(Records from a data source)
_____

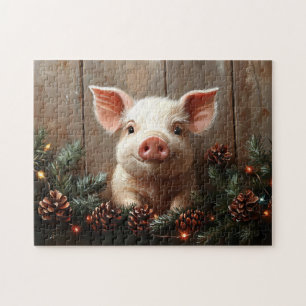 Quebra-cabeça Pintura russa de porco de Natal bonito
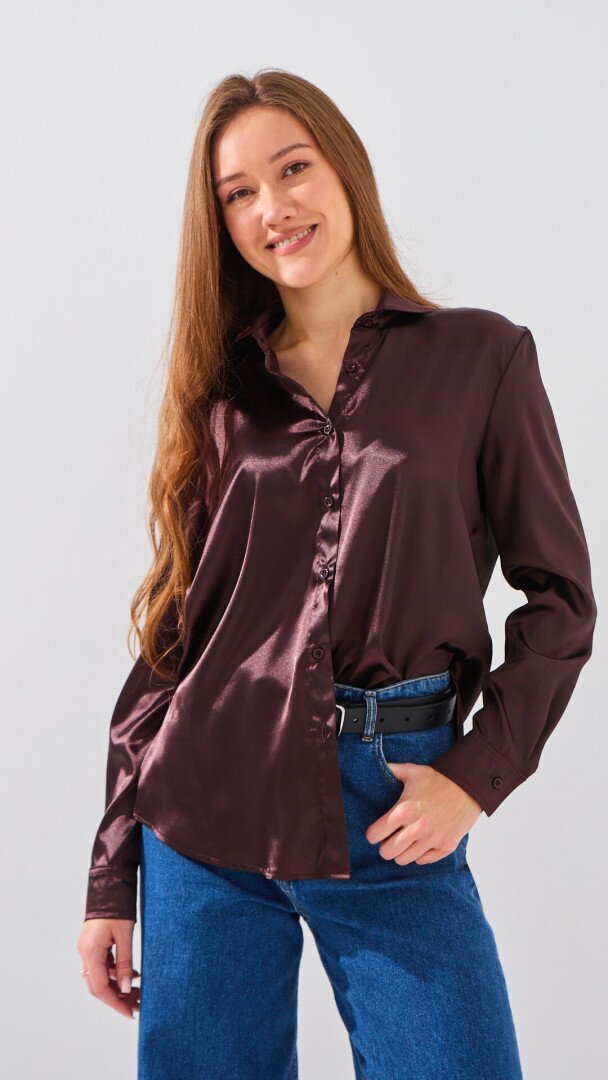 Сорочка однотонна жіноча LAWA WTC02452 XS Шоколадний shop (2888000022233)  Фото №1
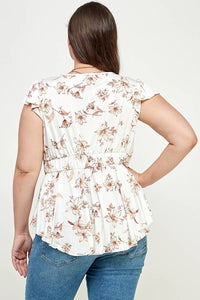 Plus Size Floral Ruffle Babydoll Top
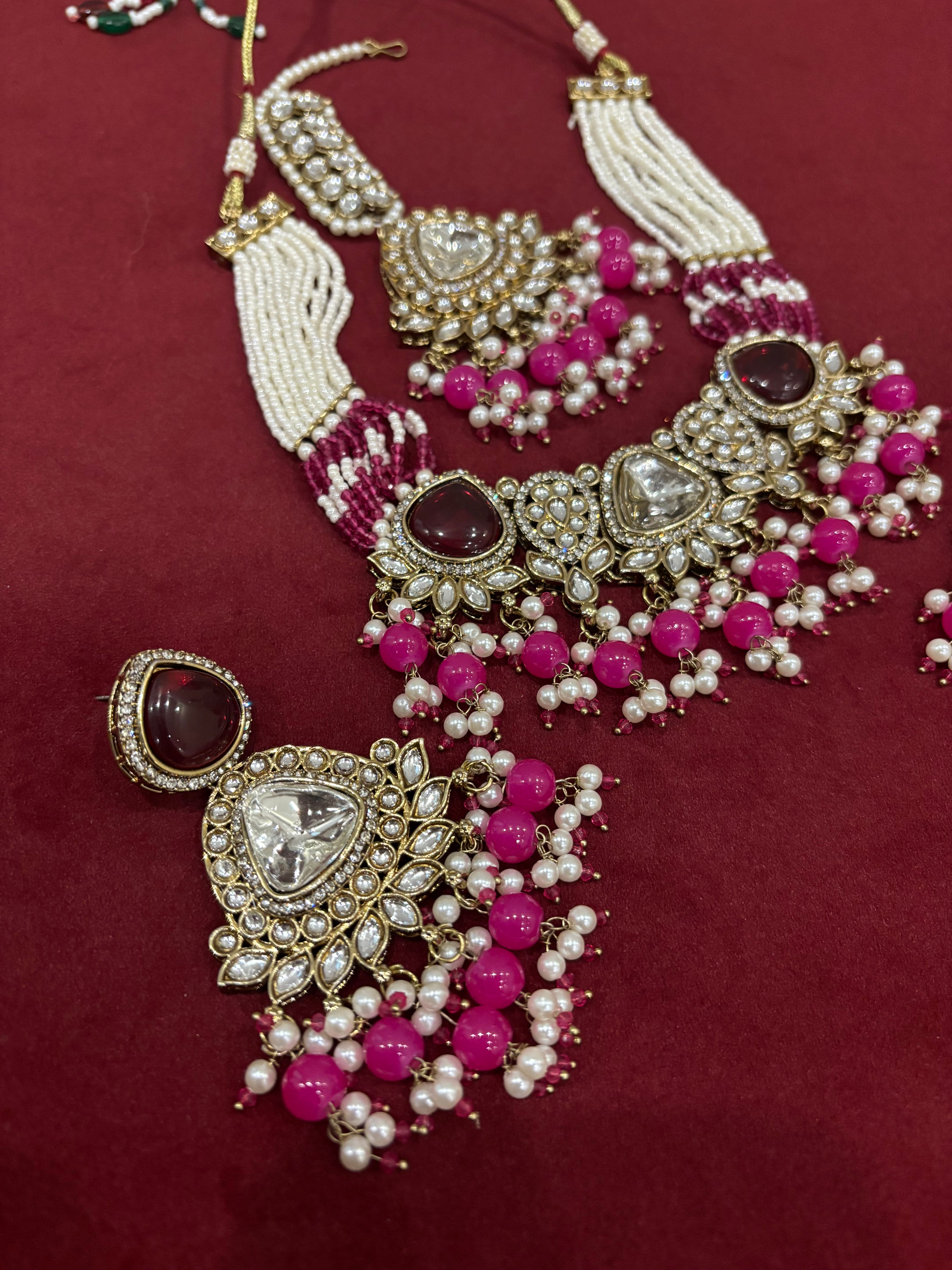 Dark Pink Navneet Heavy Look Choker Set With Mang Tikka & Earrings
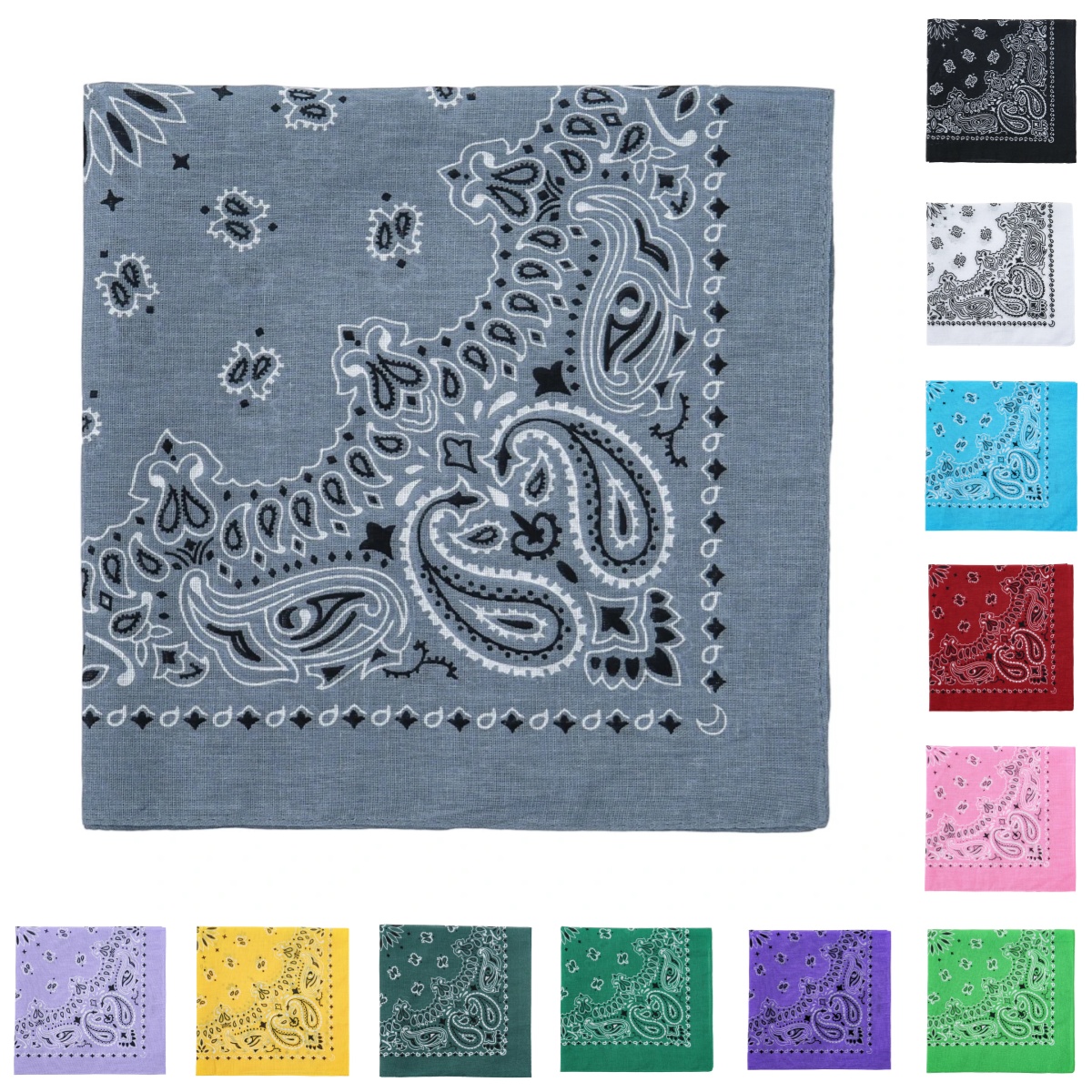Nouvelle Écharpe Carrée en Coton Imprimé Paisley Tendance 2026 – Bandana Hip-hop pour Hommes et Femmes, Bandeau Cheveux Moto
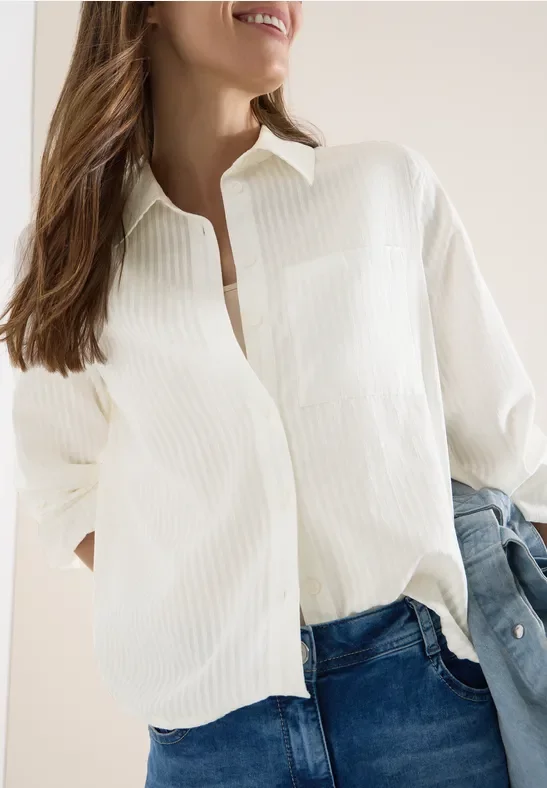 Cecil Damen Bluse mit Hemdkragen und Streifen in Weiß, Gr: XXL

_____

■ WHAT YOU SHOULD DO
Copy nothing outside the span: please output the lines from the one with "Dark Pink Navneet" through the end of the entries above, and skip the pictures.

■ FINISHED EXERCISE
 Dark Pink Navneet Heavy Look Choker Set With Mang Tikka & Earrings
Nouvelle Écharpe Carrée en Coton Imprimé Paisley Tendance 2026 – Bandana Hip-hop pour Hommes et Femmes, Bandeau Cheveux Moto
 Cecil Damen Bluse mit Hemdkragen und Streifen in Weiß, Gr: XXL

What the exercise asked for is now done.